Titre
original : El beso de la mujer araña
Traduction
d'Albert Bensoussan
(Editions
du Seuil, 1979)
Écrivain,
l'Argentin Manuel Puig (1932-1990) entretient avec le cinéma une
relation forte qui nourrit toute son œuvre, il avait notamment
bénéficié d'une bourse pour étudier le cinéma à Rome avant de
choisir la littérature comme mode d'expression.
Trois
de ses romans ont été adaptés au cinéma : Boquitas
pintadas (Le plus beau tango du monde) par
Leopoldo Torre Nilsson, Pubis angelical par
Raúl de la Torre et Le
baiser de la femme araignée par
Héctor Babenco. C'est cette dernière adaptation filmique qui, en
1984, a donné à l'auteur une renommée internationale.
Installé
au Mexique dans les années 1970 pour ne pas subir les pressions de
la censure, c'est là-bas, en 1976, qu'il écrit ce roman qui met en
scène deux personnages enfermés dans la même cellule : Valentin,
prisonnier politique et Molina, un homosexuel. Un texte critique
de María Lourdes Cortes, Amor
y traición : cine y literatura
en America Latina, montre comment ces personnages
très stéréotypés, le guérillero et l'homosexuel efféminé, au
fil de l'histoire, et surtout dans le roman où le discours intérieur
des personnages apparaît, deviennent plus complexes et plus mêlés.
Par
ailleurs, dans le roman, le thème de l'homosexualité est traité de
manière plus détaillée puisque de nombreuses notes de bas de page
permettent d'exposer différentes théories sur le sujet :
celles de Freud, de Marcuse, de Mircea Eliade...

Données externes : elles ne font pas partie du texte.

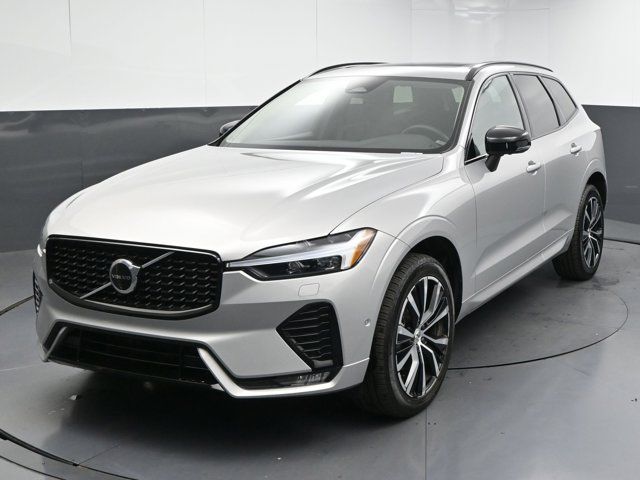 2024 Volvo XC60 Plus Dark Theme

"-Je peux t'interrompre, Molina ?-Oui, mais j'ai presque fini, pour cette nuit je veux dire.-Une seule question, qui m'intrigue un peu.-Quoi ?-Tu ne vas pas te fâcher ?-Ça dépend.-C'est intéressant à savoir. Et après, toi, si tu veux, tu m'en demandes autant.-Vas-y.-Avec qui tu t'identifies ? Avec Irena ou la femme architecte ?-Avec Irena. Qu'est-ce-que tu crois ? C'est la vedette : non mais, quelle cruche ! Moi : toujours avec l'héroïne.-Continue.-Et toi, Valentin, avec qui ? Tu es coincé, parce que le gars te semble un con.-Tu vas rire. Avec le psychanalyste. Mais ne te moque pas, j'ai respecté sans commentaire ton choix. Continue.-Ensuite on en discute, si tu veux, ou demain.-Oui, mais continue encore un peu.-Un tout petit peu, pas plus : j'aime te reprendre la friandise au meilleur moment, comme ça le film te plaît davantage. C'est ce qu'il faut faire avec le public, sinon il n'est pas content. A la radio, avant, ils faisaient toujours ça. Maintenant, ce sont les feuilletons de la télé.-Vas-y.-Bon. On en était au moment où la petite ne sait plus s'il faut courir ou pas, et voilà qu'on n'entend presque plus les pas, le bruit des talons de l'autre je veux dire, parce que ce sont des pas différents, presque imperceptibles, quelque chose comme des pas de chat, ou pire. Elle se retourne et ne voit plus la femme : comment a-t-elle pu disparaître d'un coup ? Mais elle croit voir une autre ombre, qui glisse et disparaît aussitôt. Et ce que l'on entend maintenant, c'est un bruit de foulées dans les taillis du parc, des foulées d'animal, qui se rapprochent.-Et alors ?-On continue demain. Tchao. Fais de beaux rêves ;-Tu me le payeras.-A demain."